Über den Einsatz der Interleukin-6 Rezeptor-Antagonisten Tocilizumab und Sarilumab wurde in mehreren Updates bereits berichtet. Die Wirksamkeit der Antagonisten auf den klinischen Verlauf einer schweren COVID-19 Erkrankung war dabei sehr gemischt, von positiven bis negativen Ergebnissen, ja sogar von Mortalitäts-steigernden Effekten war die Rede. Die WHO hat jetzt in einer großen Metaanalyse die Daten von insgesamt 10.930 Patientinnen und Patienten ausgewertet, von denen 6.449 mit IL-6 Rezeptorantagonisten behandelt wurden (WHO React Working Group JAMA 2021; doi: 10.1001/jama.2021.11330). Der primäre Outcome-Parameter der Studie war die 28-Tage-Mortalität. Das mediane Alter der Patientinnen und Patienten variierte je nach Studie zwischen 52 und 68 Jahren. Die Mortalitätsrate bis zum 28. Tag war unter IL-6-Rezeptor-Antagonisten mit 22 Prozent signifikant geringer als ohne (25 Prozent). Auch die Progression des Lungenversagens war unter IL-6-RA geringer als unter Standard- oder Placebo-Therapie.

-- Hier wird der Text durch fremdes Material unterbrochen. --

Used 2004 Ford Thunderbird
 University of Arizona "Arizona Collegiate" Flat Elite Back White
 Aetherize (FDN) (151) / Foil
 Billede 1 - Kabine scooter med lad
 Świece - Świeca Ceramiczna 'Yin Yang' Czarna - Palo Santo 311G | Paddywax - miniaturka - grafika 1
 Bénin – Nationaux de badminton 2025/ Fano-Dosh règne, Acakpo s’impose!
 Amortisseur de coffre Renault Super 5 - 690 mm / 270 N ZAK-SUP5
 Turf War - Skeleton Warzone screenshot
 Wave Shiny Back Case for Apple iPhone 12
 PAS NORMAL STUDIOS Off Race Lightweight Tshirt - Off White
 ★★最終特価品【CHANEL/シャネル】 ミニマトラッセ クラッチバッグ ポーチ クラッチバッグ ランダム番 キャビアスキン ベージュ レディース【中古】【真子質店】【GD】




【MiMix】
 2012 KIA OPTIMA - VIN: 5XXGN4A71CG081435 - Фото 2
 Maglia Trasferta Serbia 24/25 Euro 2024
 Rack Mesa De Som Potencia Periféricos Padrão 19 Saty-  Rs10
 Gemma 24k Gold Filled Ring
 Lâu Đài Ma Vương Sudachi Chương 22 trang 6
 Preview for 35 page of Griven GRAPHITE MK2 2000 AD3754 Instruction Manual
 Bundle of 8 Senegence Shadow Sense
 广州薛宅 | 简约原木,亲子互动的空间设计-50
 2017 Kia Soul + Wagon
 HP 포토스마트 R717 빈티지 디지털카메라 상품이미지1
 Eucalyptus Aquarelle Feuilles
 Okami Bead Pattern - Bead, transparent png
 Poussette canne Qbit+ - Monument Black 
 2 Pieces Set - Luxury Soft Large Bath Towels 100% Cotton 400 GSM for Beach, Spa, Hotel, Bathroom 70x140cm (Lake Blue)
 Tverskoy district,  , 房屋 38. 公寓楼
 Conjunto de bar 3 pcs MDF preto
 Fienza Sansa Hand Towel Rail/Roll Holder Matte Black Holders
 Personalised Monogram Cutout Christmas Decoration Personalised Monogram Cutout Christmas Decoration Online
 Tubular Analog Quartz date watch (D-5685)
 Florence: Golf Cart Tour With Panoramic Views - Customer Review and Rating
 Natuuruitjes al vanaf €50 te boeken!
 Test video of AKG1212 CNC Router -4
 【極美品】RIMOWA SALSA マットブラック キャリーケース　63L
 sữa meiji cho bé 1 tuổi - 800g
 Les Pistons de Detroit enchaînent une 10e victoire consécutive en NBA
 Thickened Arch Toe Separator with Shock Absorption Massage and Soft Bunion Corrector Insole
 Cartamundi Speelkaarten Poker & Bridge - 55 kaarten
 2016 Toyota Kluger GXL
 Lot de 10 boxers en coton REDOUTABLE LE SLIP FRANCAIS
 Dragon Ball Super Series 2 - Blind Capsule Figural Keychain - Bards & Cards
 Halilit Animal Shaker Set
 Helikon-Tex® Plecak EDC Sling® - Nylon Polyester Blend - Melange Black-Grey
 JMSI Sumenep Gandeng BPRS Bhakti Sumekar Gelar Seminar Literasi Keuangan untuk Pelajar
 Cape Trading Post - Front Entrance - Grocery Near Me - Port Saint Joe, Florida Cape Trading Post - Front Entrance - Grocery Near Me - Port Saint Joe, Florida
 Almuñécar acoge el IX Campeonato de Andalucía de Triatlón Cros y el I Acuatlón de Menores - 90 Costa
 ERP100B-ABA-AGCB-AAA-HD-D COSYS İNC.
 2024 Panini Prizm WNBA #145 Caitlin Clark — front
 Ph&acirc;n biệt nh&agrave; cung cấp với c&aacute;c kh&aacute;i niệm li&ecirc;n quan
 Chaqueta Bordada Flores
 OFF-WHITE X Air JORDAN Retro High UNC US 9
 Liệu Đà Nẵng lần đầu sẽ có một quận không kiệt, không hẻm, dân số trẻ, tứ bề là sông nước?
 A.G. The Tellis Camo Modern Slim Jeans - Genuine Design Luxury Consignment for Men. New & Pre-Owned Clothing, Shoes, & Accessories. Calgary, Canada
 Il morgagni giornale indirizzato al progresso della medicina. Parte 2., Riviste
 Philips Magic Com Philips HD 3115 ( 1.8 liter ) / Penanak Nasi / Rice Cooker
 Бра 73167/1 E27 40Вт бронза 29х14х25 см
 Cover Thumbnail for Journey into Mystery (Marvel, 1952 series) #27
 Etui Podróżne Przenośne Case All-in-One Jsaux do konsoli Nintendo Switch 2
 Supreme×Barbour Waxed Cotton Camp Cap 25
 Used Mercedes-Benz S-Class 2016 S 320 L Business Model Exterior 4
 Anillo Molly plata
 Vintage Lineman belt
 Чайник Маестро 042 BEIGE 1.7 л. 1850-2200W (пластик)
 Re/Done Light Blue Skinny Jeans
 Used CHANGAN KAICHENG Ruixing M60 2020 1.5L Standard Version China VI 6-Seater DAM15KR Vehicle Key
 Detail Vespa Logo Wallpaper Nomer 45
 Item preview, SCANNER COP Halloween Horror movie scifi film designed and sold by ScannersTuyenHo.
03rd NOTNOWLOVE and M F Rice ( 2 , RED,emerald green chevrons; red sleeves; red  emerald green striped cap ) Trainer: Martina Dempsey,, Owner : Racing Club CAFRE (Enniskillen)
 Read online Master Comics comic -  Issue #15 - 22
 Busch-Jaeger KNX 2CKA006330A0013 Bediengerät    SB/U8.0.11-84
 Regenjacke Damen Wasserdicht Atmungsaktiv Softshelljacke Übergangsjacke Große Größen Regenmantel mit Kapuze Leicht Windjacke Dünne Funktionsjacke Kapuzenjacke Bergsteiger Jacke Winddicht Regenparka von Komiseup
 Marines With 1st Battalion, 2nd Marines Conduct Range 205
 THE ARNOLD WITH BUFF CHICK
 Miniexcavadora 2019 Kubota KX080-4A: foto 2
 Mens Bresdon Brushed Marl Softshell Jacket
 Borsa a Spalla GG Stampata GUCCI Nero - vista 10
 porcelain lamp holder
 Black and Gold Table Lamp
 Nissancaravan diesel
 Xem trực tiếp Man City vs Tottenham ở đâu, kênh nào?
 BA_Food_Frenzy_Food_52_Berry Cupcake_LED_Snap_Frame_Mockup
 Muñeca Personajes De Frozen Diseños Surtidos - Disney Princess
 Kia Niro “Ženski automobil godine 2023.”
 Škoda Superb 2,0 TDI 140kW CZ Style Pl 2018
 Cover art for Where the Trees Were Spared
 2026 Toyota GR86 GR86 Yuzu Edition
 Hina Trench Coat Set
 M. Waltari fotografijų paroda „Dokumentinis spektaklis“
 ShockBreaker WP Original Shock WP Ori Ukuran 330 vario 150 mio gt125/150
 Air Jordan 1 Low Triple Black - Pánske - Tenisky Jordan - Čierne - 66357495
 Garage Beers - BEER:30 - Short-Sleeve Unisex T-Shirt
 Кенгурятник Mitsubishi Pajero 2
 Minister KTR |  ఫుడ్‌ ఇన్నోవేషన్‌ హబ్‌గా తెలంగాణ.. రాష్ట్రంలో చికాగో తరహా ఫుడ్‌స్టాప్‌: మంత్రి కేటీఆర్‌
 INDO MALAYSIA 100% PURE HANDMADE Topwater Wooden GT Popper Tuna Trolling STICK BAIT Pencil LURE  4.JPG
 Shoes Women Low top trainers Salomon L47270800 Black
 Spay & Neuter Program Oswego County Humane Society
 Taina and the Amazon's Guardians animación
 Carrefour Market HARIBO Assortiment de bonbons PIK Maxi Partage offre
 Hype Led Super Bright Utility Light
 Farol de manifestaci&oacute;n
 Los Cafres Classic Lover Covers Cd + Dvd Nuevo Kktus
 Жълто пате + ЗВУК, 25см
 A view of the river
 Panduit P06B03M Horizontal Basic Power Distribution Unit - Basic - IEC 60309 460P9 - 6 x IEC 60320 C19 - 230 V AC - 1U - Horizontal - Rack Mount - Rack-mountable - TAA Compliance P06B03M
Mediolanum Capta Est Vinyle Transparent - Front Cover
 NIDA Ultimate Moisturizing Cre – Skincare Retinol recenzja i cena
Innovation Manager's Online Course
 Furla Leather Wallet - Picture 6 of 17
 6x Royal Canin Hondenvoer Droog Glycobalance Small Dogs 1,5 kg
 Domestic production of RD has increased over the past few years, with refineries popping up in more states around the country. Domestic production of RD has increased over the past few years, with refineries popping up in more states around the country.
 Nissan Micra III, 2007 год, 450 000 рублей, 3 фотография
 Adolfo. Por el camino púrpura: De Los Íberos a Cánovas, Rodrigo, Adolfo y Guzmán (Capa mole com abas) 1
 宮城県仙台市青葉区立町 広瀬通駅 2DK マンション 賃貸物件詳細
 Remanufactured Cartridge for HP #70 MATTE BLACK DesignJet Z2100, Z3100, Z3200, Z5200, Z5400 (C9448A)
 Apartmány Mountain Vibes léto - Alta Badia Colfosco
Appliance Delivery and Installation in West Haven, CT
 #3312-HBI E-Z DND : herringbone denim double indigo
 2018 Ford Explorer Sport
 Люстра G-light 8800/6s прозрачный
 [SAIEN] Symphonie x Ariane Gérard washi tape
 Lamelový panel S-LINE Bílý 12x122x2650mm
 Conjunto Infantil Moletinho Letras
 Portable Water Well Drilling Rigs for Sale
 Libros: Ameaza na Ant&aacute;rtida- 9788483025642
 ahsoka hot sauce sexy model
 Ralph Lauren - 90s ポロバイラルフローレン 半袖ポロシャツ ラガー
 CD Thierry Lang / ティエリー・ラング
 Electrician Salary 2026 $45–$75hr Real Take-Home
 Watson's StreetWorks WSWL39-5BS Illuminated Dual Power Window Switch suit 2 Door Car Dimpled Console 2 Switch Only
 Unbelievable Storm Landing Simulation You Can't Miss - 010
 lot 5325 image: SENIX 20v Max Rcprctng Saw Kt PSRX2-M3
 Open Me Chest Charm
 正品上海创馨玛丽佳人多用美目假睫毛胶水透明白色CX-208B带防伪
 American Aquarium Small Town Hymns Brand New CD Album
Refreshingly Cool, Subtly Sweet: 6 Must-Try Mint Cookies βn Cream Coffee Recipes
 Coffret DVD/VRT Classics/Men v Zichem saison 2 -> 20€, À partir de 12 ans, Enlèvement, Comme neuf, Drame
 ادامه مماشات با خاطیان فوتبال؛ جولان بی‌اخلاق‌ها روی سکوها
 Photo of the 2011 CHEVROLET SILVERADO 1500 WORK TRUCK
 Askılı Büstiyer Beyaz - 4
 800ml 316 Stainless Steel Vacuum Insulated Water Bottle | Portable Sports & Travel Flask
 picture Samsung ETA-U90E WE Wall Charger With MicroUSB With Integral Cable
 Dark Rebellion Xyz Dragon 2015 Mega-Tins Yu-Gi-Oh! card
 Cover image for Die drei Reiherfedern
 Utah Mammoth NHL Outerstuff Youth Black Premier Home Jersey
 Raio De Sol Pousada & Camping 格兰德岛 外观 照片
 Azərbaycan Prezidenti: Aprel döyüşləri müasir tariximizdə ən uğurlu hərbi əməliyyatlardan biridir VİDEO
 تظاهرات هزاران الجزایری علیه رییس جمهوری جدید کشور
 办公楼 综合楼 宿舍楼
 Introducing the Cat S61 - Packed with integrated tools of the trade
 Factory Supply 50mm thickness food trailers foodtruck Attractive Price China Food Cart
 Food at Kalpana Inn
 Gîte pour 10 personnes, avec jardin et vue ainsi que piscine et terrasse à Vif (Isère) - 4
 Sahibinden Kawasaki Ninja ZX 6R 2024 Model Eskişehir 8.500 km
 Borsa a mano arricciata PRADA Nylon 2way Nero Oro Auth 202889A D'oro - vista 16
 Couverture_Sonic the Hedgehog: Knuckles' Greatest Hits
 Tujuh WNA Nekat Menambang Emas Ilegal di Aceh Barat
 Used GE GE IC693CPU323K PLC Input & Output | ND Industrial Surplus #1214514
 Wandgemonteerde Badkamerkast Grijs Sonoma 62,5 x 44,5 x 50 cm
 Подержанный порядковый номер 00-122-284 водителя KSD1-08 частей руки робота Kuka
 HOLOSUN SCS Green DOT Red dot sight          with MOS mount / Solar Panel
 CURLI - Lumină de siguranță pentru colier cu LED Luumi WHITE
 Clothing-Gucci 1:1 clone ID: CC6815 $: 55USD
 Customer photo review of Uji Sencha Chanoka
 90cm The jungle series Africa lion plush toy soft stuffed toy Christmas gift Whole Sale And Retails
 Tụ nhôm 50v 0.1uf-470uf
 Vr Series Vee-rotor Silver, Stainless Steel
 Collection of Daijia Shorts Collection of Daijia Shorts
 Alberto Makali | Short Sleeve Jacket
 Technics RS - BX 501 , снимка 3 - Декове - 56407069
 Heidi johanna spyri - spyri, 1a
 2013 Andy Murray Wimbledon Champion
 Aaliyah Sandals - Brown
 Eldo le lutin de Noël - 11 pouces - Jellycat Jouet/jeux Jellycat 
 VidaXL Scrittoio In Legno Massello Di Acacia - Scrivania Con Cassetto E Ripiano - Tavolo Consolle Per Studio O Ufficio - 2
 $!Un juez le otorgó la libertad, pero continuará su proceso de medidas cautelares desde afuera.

Zwischen den Gruppen wurde auch kein Unterschied im Auftreten sekundärer Infektionskomplikationen gefunden. Auch wenn die Studie einen signifikanten Unterschied in der 28-Tage Mortalität berichtet würde ich derzeit vor einem unkritischen Einsatz von IL-6 RA warnen. Die Mortalitätsunterschiede sind gering und nur bis zum 28. Tag evaluiert.

Das Outcome der komplexen Erkrankung COVID-19 hängt von zahlreichen Faktoren ab und letztere sind bei verschiedensten Studienzentren in keiner Weise zu standardisieren. Auch die Interaktion der IL-6-RA mit anderen immunsuppressiven Medikamenten oder dem Einsatz von Virostatika in den diversen Studien ist bei weitem nicht klar.  Ich würde daher derzeit vor allzu großem Enthusiasmus in der Verwendung von IL-6 RA  abraten.